TASK DESCRIPTION —
Word for word, restate the entries below, but exclude the images.

PROVIDED DATA —
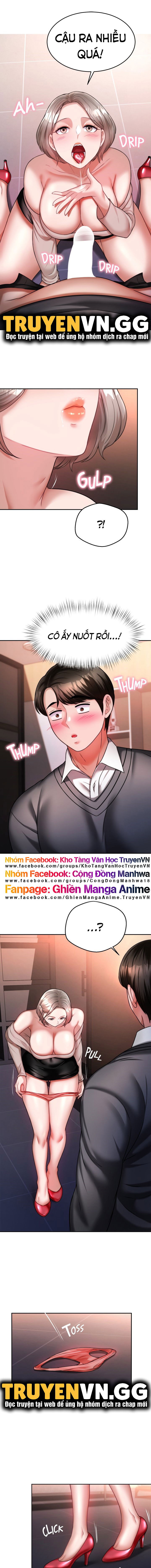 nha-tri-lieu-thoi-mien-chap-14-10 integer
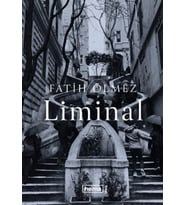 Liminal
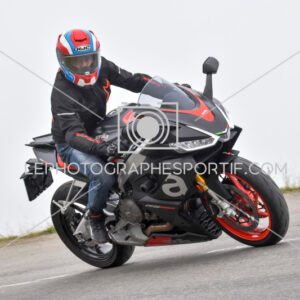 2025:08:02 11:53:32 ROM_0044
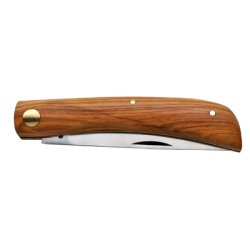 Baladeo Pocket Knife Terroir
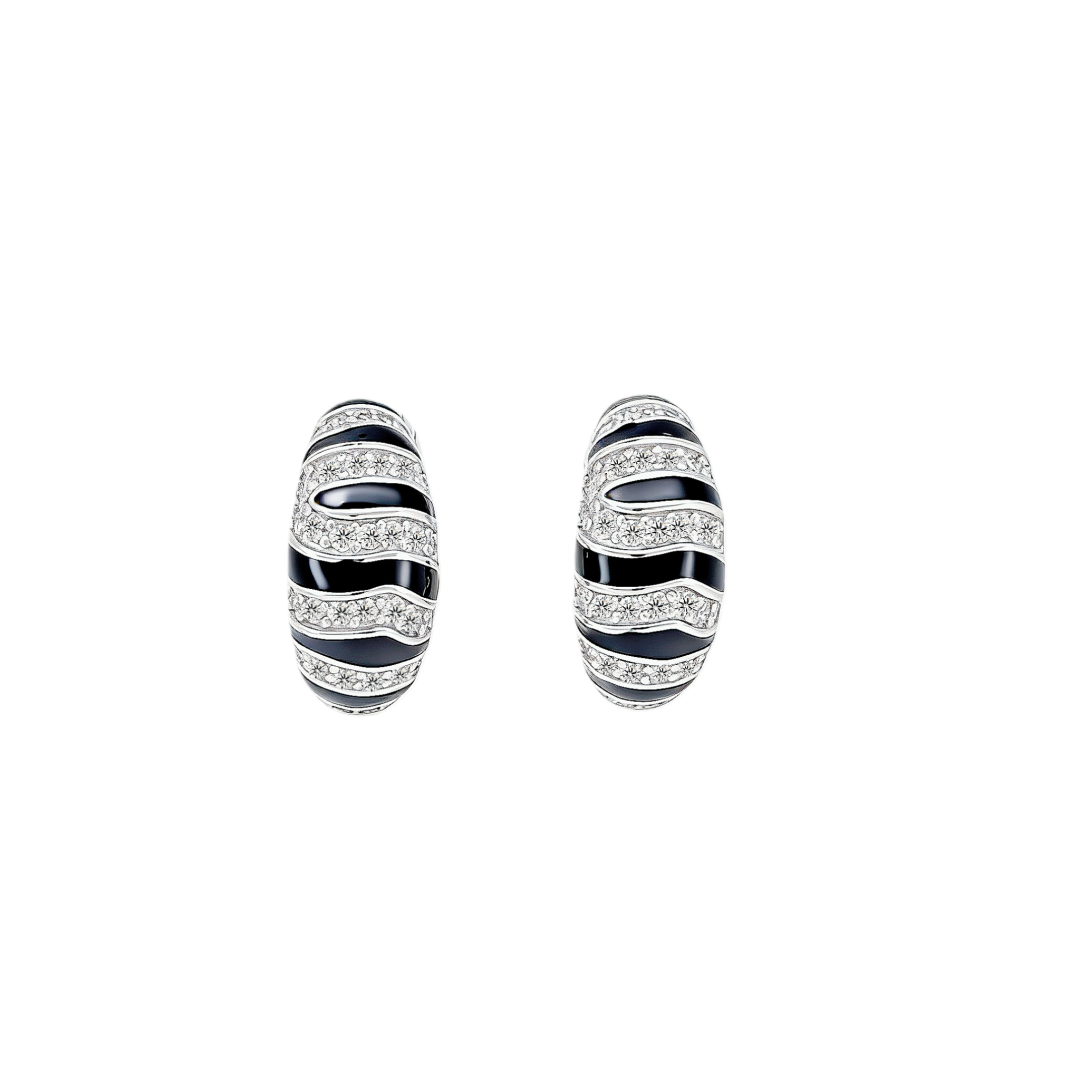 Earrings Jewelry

RESPONSE FOR THIS EXERCISE —
 nha-tri-lieu-thoi-mien-chap-14-10 integer
 Liminal
 2025:08:02 11:53:32 ROM_0044
 Baladeo Pocket Knife Terroir
 Earrings Jewelry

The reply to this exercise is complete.